/---

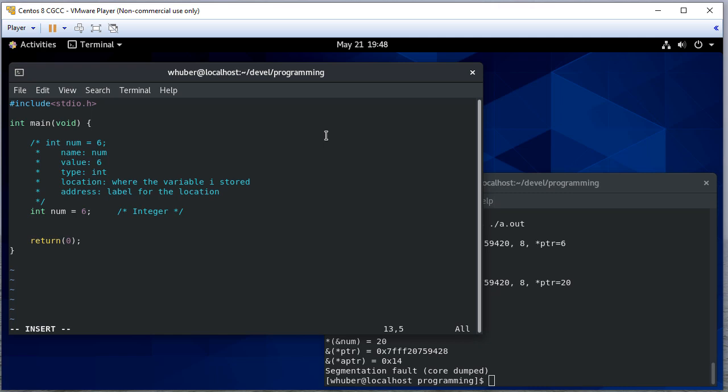Now I can declare a pointer and the way I do that is I give the type and then an asterisk. That variable PTR is a pointer to an integer, or you can call it an integer pointer.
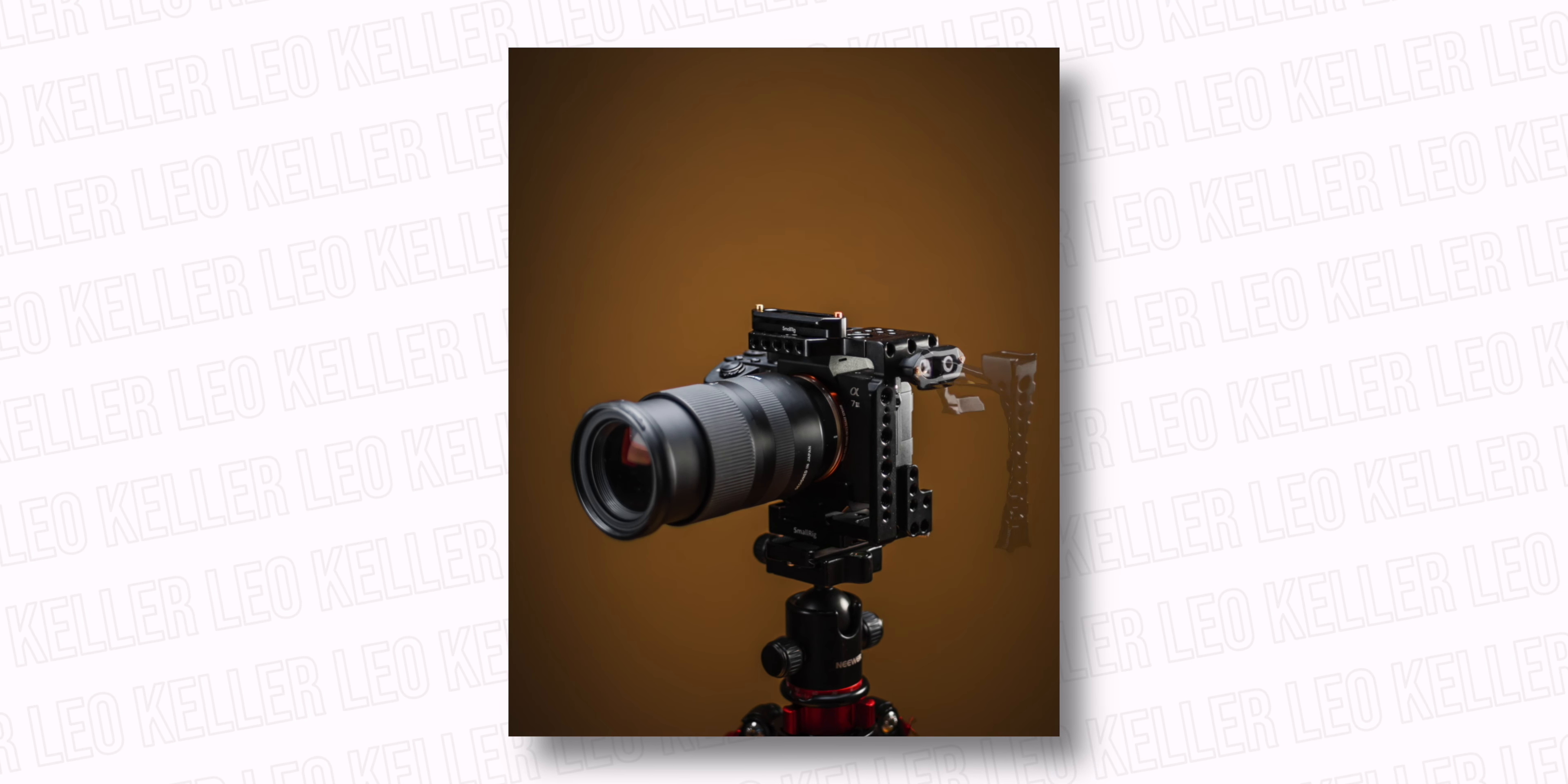Hi, my name is Leo and today we are going to be talking about my minimalist handheld rig that I built for the Sony a7III.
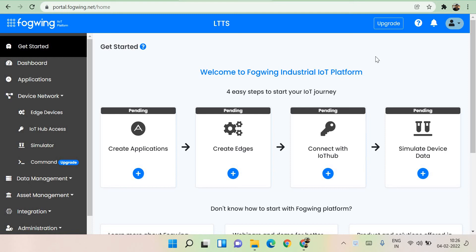Hello friends, welcome back. In this session, I'm going to introduce you to a very beautiful, well-curated IoT platform called Fogwing. I came across it and it was excellent. I was simply mesmerized by the way they have done it.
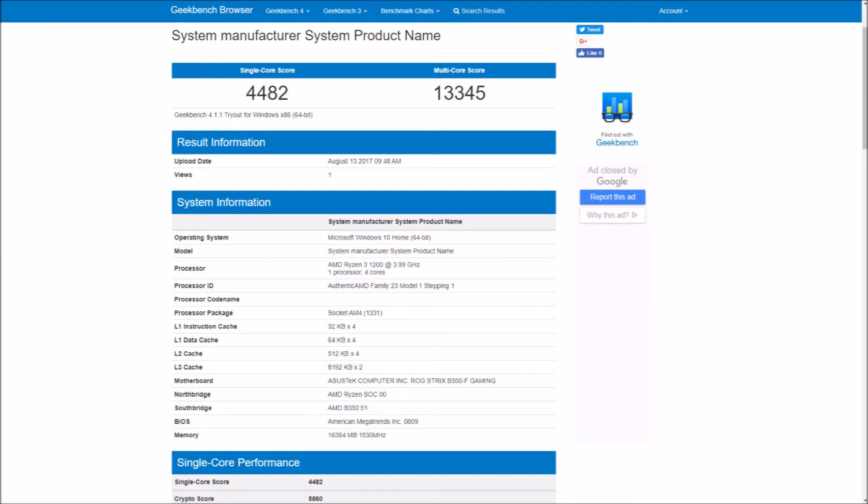In Geekbench the R3-1200 scores 4,482 points for the single core score and 13,345 points for the multi-threaded score.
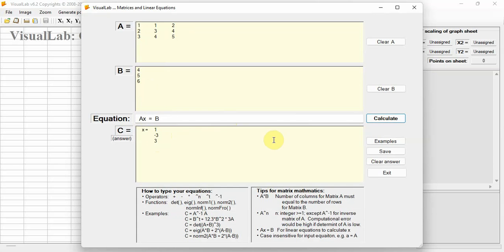Alternatively, you can write C equals inverse of matrix A multiplied by matrix B. You get the same result.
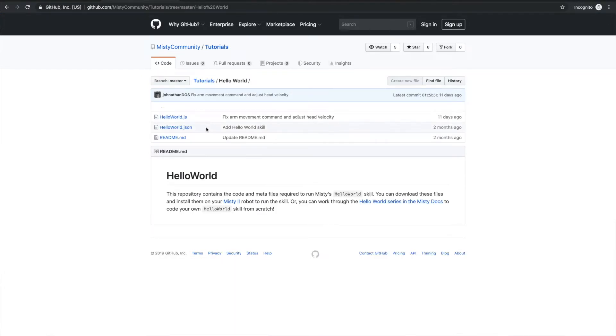When you navigate to this folder you're going to notice three files: the readme file and the two files that we really care about right now — hello world.js and hello world.json.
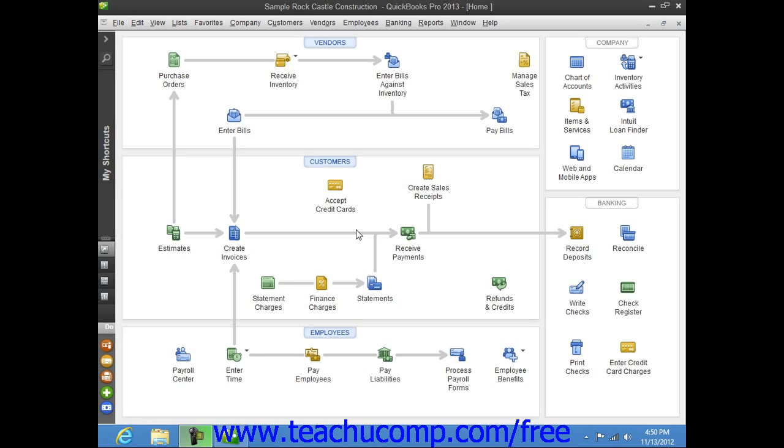If you try to switch to multi-user mode when you are not set up for that, QuickBooks will helpfully prompt you to set up QuickBooks for multi-user access. Once you have configured QuickBooks to allow multi-user access, you then have the ability to switch between single user and multi-user access.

\---

WHAT TO WORK ON –
Beginning with the line that contains "In Geekbench the", output every line down to the last line of the entries above exactly as written, apart from the pictures.

RESPONSE TO THIS EXERCISE –
In Geekbench the R3-1200 scores 4,482 points for the single core score and 13,345 points for the multi-threaded score.
Alternatively, you can write C equals inverse of matrix A multiplied by matrix B. You get the same result.
When you navigate to this folder you're going to notice three files: the readme file and the two files that we really care about right now — hello world.js and hello world.json.
If you try to switch to multi-user mode when you are not set up for that, QuickBooks will helpfully prompt you to set up QuickBooks for multi-user access. Once you have configured QuickBooks to allow multi-user access, you then have the ability to switch between single user and multi-user access.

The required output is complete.